Associat0r has joined #ocaml
<flux>
I don't recall seeing that
<flux>
perhaps it has arrived at a later version than what I've looked at/used, or it simply reads the file before processing it
<brendan>
it looks like it to me, but I have never learned Obj.magic etc
<flux>
heh, it appears to do exactly that except in a more researched, ie. more working fashion :)
<flux>
ah, biGstring
<flux>
I read biTstring
<brendan>
yeah, bigstring looks pretty nice
<mrvn>
flux: that would have quite an overhead. A full page.
<mrvn>
flux: and you would have to make it a custom block with finalizer and then pretend it actually is a string. Not sure the two structures are compatible.
<flux>
mrvn, a full page for the integer? well, I would assume it would still be for one, say, pcap file, which would be potentially megabytes
<mrvn>
flux: a page for the GC heade before the mmaped data.
<mrvn>
For strings the GC header contains the size. Are those bits free in a custom block with finalizer?
<mrvn>
Never mind. they must be free as they are the size of the block.
<mrvn>
But strings also have a length modifier at the end saying how much of the last word is string iirc. How would you get that after the mmaped data? Add another page and only allow 4k aligned string size?
<mrvn>
Another snag would be that the toplevel wouldn't print the string. But I guess for strings >4k that is a good thing.
<flux>
forgot about that
<flux>
but you can map with private
<flux>
and modify the block
<flux>
which gets copied-of-write
<flux>
s/of/on/
<mrvn>
then the file needs to be 4 bytes longer than what you map or the behaviour is undefined. But you can mmap /dev/zero for the last 4 bytes and copy the last chunk into it plus the 4 bytes.
<mrvn>
I think for those cases a char bigarray is probably better suited.

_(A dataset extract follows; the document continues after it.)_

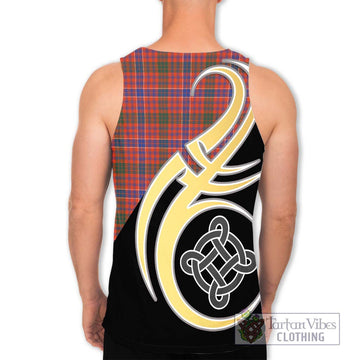 MacRae Ancient Tartan Men's Tank Top with Family Crest and Celtic Symbol Style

You can create sub arrays from it when you parse the data into more usefull chunks and such.
<flux>
well, even bigarrays are unsuitable for bitstring as of now ;)
<flux>
maybe.. a functorized version of bitstring!
<brendan>
but does bigstring work with bitstring?
<flux>
I seriously doubt that
<flux>
but, I need to suspend my laptop, not much power left :)
<mrvn>
what does string have that bigarray doesn't?
<brendan>
bigstring? it looks like it provides a mmaped file as a string, but I am not good enough at ocaml to tell whether it would work with bitstring
<mrvn>
no, I mean string itself. Why does string work for bitstring but not bigarray?
tony_ has quit [Quit: Ex-Chat]
arubin has quit [Ping timeout: 240 seconds]
smerz has joined #ocaml
arubin has joined #ocaml
ftrvxmtrx has quit [Ping timeout: 255 seconds]

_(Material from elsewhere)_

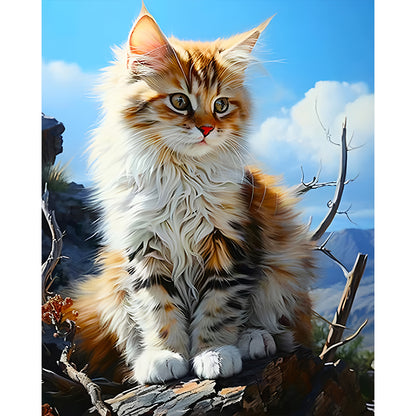 Cat - Full Round Drill Diamond Painting 40*50CM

ftrvxmtrx has joined #ocaml
tony_ has joined #ocaml
eye-scuzzy has quit [Quit: leaving]
eye-scuzzy has joined #ocaml
agarwal1975 has joined #ocaml
thieusoai has joined #ocaml
agarwal1975 has quit [Ping timeout: 276 seconds]
agarwal1975 has joined #ocaml
edwin has quit [Remote host closed the connection]

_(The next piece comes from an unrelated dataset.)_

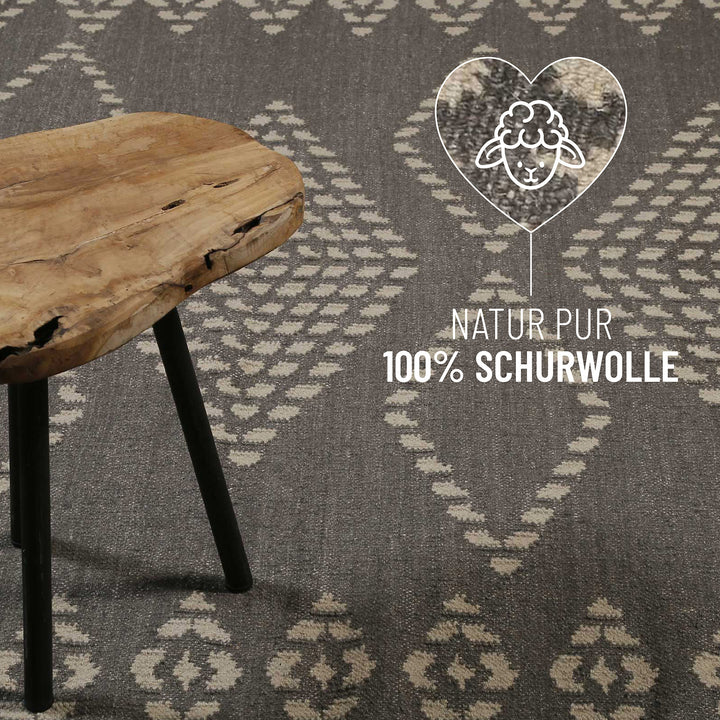 Belmont Teppich dunkelgrau Kurzflor rechteckig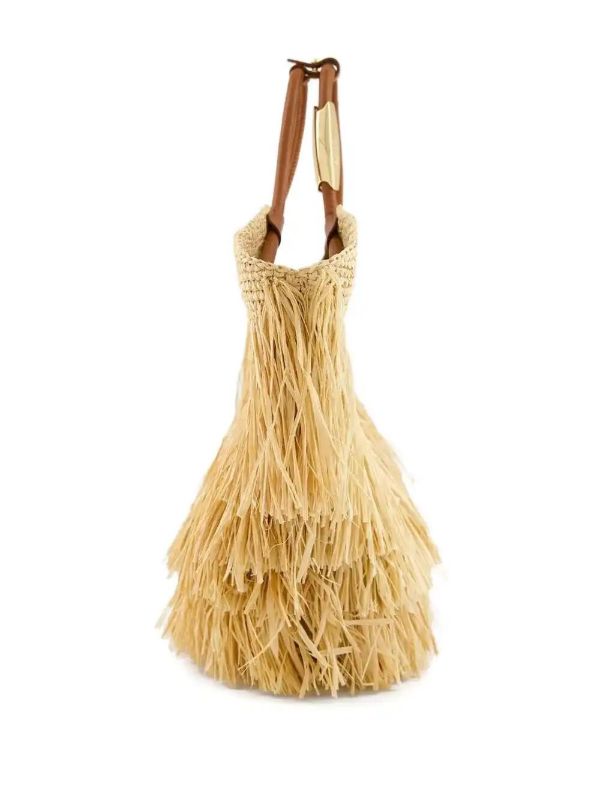 ZIMMERMANN Fringed Straw Handbag | Browns Shoulder Bags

ccasin has quit [Quit: Leaving]
<thelema>
mrvn: well, pread is super fast, if that's the case...
thieusoai has quit [Remote host closed the connection]
<thelema>
mrvn: and the str_only code allocates the right size string and really_inputs into it - there can't be that much overhead in that copying that it would take 100* more time
<mrvn>
thelema: If it is thread safe then it has to allocate a temporary buffer in the C stub, enter_blocking_section(), read into that, leave_blocking_section(), memcpy into the string.